All these solutions have one thing in common though: they go to great lengths to place the blame for sql injections squarely at the feet of the web application developer. Granted, there are many defensive techniques which a developer should employ in order to foil sql injection attacks among other things, but in my opinion the fundamental security holes that make these attacks possible can only be fixed by sql database vendors themselves and not by web application developers. Let me explain.

There was a time when operating systems opened all ports on a computer by default, when smtp servers allow anyone to relay mail through them, when dns servers allow anyone to submit recursive queries and perform zone transfers. By the by, all these features were found to be exploitable holes and blocked by all modern software. However, it is not just that these holes are now commonly blocked — what is vitally important is that they are now commonly blocked by default.

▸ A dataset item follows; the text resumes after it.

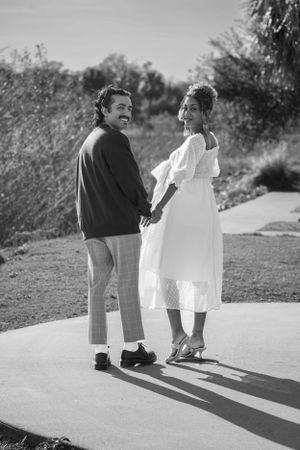 Black and white photo of couple walking together casting long shadows on path.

This attitude of being secure by default has proven time and time again to be the correct one to take whenever an exploitable feature is identified or recognized. It has prevented countless unanticipated attacks against misconfigured computers while at the same time allowing experts to open these holes under controlled conditions when necessary. The problem with sql injection attacks today is that the insecure features that make these attacks possible have not been recognized as such even though they have been identified for quite some time.

What are these features, you ask. There are two of them and for the purposes of this article I will refer to them as multistatement query execution (MQEXEC) and union query execution (UQEXEC). The first feature allows an sql database engine to execute multiple statements in one query. For example, when faced with a query such as
SELECT a FROM table1; DROP table2;

the database engine will happily execute both statements in the query one after the other. The second feature (UQEXEC) allows the database engine to combine the results of multiple substatements into one dataset. For example, when faced with a query such as
SELECT a,b FROM table1 UNION SELECT c,d FROM table2;

the database engine will happily combine the results of each select substatement into one dataset (subject to certain restrictions which are not relevant here).

The problem with these features, and the reason they are such a huge security hole in today's computing environment, is that they allow an attacker to modify queries in web applications in unforeseeable ways with devastating consequences for all parties concerned. For example, it is quite natural for a web application developer to write a query such as
SELECT a,b FROM table1 WHERE c = '+ParameterValue;

along with a text box that allows the web application user to enter the parameter value. But an attacker can instead enter a parameter value that will turn this simple query into a multistatement query with malicious side-effects. Many pundits will no doubt blame the developer for writing a query like this in the first place. Yet that is not really the problem here. The problem here, really, is that when the developer wrote this query, he or she wrote it under a very specific assumption and most database engines do not provide a way for him or her to require that this assumption be enforced.

The specific assumption made by the developer here is that this query will not ever be a multistatement query. Unfortunately for the developer, however, the sql dialect of most database engines does not provide any way for the developer to make this assumption explicit or to require its enforcement. Even worse for the developer is the fact that these database engines operate in a mode that enables the MQEXEC and UQEXEC features by default — thereby making the attacker's task tremendously easier than the developer's, with the expectation that the developer should work around this sorry state of affairs in some way.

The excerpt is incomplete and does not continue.